When you open your browser, type an URL into the address bar, and hit Enter, the browser sends a "GET" request to the HTTP server. If the server responds "yeah, ok, I see you are requesting this page, let me send it to you", we get the data back (in HTML), and Viola! we see the content the of the page.

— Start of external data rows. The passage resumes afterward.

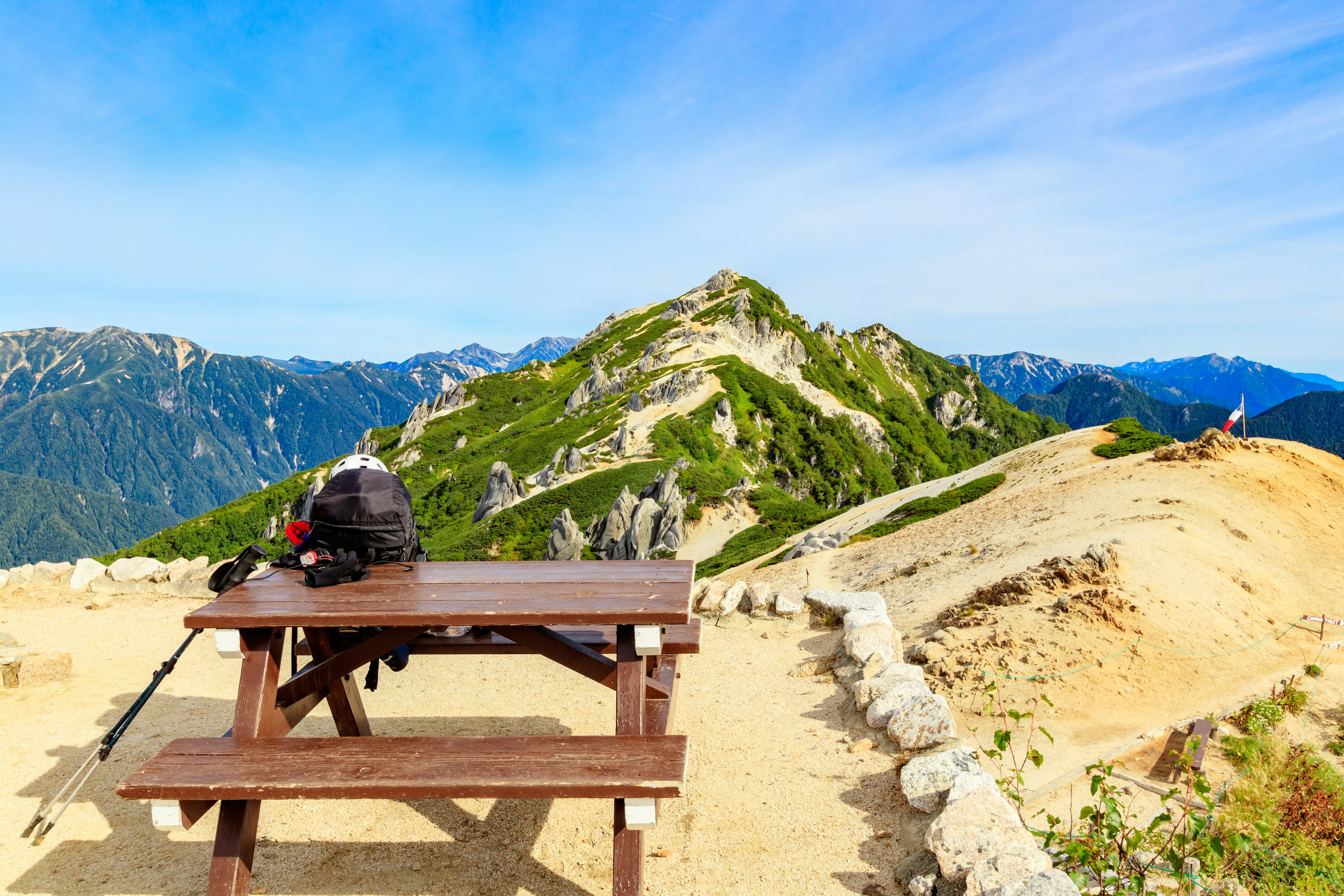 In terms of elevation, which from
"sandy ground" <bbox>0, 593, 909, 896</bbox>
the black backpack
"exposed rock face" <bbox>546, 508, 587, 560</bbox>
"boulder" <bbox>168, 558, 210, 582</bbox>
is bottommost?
"exposed rock face" <bbox>546, 508, 587, 560</bbox>

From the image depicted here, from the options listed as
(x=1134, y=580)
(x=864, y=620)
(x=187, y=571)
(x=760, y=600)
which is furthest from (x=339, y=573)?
(x=1134, y=580)

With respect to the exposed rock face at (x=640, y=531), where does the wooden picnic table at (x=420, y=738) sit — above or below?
above

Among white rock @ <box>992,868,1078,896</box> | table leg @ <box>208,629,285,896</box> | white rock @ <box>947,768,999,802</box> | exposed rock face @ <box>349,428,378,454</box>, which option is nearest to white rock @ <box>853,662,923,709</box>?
white rock @ <box>947,768,999,802</box>

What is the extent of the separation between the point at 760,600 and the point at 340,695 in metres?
6.40

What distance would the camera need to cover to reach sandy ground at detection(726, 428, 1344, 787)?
328 inches

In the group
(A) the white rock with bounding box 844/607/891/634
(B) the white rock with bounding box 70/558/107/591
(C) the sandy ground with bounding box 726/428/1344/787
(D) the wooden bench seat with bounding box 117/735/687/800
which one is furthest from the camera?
(B) the white rock with bounding box 70/558/107/591

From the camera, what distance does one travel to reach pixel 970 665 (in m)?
8.29

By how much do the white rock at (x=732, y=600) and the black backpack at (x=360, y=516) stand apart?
252 inches

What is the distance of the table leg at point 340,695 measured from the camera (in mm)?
6137

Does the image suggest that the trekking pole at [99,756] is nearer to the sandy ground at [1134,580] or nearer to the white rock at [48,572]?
the sandy ground at [1134,580]

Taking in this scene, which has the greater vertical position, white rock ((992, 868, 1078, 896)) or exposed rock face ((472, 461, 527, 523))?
white rock ((992, 868, 1078, 896))

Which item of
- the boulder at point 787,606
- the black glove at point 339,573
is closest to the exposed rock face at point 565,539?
the boulder at point 787,606

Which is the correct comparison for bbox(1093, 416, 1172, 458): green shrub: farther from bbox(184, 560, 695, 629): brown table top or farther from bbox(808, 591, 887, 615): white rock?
bbox(184, 560, 695, 629): brown table top

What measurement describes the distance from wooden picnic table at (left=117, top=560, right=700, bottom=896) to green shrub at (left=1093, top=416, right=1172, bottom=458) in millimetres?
24413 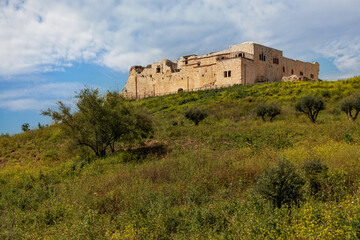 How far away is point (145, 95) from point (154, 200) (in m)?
43.9

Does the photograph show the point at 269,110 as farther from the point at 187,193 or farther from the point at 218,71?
the point at 218,71

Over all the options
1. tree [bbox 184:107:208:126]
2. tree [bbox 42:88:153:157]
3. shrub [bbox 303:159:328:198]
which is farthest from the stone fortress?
shrub [bbox 303:159:328:198]

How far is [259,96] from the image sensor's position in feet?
89.5

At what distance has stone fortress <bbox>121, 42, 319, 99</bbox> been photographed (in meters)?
37.4

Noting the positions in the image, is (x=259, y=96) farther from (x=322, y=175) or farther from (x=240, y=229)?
(x=240, y=229)

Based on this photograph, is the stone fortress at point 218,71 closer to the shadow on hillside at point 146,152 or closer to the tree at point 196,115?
the tree at point 196,115

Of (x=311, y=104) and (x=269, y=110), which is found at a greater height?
(x=311, y=104)

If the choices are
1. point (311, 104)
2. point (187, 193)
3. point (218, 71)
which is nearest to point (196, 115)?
point (311, 104)

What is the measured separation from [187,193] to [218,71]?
34071mm

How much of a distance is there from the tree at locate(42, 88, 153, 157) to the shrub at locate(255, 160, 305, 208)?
27.5 ft

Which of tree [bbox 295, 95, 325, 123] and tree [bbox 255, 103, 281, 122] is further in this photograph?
tree [bbox 255, 103, 281, 122]

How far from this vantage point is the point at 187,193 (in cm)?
651

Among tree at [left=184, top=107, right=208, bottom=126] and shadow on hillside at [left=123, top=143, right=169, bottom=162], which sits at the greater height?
tree at [left=184, top=107, right=208, bottom=126]

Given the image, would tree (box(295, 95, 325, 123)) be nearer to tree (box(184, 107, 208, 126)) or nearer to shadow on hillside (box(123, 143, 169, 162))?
tree (box(184, 107, 208, 126)) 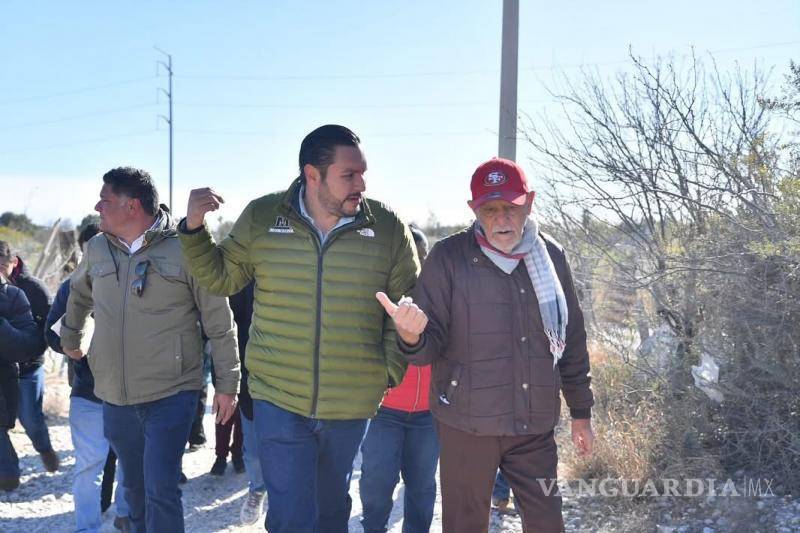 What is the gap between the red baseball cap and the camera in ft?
9.87

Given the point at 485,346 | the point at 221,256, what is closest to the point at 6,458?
the point at 221,256

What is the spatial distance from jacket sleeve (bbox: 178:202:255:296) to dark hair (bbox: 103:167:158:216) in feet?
2.29

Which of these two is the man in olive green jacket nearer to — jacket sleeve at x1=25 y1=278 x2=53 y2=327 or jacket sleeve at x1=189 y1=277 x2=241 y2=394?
jacket sleeve at x1=189 y1=277 x2=241 y2=394

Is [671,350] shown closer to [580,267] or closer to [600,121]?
[580,267]

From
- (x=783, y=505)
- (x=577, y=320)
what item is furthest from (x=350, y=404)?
(x=783, y=505)

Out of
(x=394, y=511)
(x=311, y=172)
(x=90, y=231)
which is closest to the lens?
(x=311, y=172)

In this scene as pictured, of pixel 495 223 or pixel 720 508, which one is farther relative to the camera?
pixel 720 508

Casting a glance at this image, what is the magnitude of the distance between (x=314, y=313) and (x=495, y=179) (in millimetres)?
954

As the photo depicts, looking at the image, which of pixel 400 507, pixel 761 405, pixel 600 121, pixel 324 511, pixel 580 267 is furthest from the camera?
pixel 580 267

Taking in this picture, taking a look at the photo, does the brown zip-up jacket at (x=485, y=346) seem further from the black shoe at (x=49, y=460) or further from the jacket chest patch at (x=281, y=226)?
the black shoe at (x=49, y=460)

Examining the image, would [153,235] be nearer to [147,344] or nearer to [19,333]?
[147,344]

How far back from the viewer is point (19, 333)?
198 inches

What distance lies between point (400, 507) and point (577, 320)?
265 centimetres

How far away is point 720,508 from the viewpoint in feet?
14.6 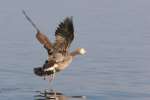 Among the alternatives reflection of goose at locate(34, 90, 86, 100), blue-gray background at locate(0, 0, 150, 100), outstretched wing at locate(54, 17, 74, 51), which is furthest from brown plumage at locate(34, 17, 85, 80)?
reflection of goose at locate(34, 90, 86, 100)

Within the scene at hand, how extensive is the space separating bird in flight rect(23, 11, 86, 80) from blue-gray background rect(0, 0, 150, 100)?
27 cm

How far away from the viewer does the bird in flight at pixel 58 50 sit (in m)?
14.5

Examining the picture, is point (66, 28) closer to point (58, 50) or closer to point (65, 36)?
point (65, 36)

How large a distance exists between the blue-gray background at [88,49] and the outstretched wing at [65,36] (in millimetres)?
661

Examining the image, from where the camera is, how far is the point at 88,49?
18266 millimetres

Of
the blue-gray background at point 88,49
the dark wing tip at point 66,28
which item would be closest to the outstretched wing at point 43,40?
the dark wing tip at point 66,28

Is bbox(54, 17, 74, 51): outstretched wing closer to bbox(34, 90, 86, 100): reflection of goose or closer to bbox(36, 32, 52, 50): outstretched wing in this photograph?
bbox(36, 32, 52, 50): outstretched wing

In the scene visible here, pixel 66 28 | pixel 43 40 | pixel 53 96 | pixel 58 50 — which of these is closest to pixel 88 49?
pixel 66 28

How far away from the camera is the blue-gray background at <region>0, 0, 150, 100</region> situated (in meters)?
13.7

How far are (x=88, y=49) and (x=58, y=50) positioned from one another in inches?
140

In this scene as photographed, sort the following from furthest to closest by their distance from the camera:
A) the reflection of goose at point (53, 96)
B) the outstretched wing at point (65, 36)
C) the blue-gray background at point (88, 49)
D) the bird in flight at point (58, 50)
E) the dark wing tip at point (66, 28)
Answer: the dark wing tip at point (66, 28) → the outstretched wing at point (65, 36) → the bird in flight at point (58, 50) → the blue-gray background at point (88, 49) → the reflection of goose at point (53, 96)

Doing this programatically in Python is super easy. There's a library for that: **Requests: HTTP for Humans**  
You can read more about the documentation [here](http://docs.python-requests.org/en/master/)


Let's try now!

In [5]:
# if needed: 
# !conda install requests -y
import requests

url = 'http://www.boxofficemojo.com/'
response = requests.get(url)

In [6]:
response.status_code

200

For information on HTTP status codes, see:  https://en.wikipedia.org/wiki/List_of_HTTP_status_codes

In [7]:
print(response.text)

<!DOCTYPE html PUBLIC "-//W3C//DTD HTML 4.01 Transitional//EN" "http://www.w3.org/TR/html4/loose.dtd">
<html lang="en">
<HEAD>
<TITLE>All Time Box Office Adjusted for Ticket Price Inflation</TITLE>
<META NAME="keywords" CONTENT="box, office, all, time, inflation, adjusted, ticket, price, report, movie, film">
<META NAME="description" CONTENT="All time box office adjusted for ticket price inflation.">
<link rel="stylesheet" href="/css/mojo.css?1" type="text/css" media="screen" title="no title" charset="utf-8">
<link rel="stylesheet" href="/css/mojo.css?1" type="text/css" media="print" title="no title" charset="utf-8"></head>
<body>
<iframe id="sis_pixel_sitewide" width="1" height="1" frameborder="0" marginwidth="0" marginheight="0" style="display: none;"></iframe>
<script>
    setTimeout(function(){
        try{
            //sis3.0 pixel
            var cacheBust = Math.random() * 10000000000000000,
                url_sis3 = 'http://s.amazon-adsystem.com/iu3?',
                params_

## Great! We have fetched our first HTML page. 
This page is full of movie links, we will learn to parse the HTML and extract all the links in the next step.
Give yourself a big pat on the back!

Let's explore some live HTML!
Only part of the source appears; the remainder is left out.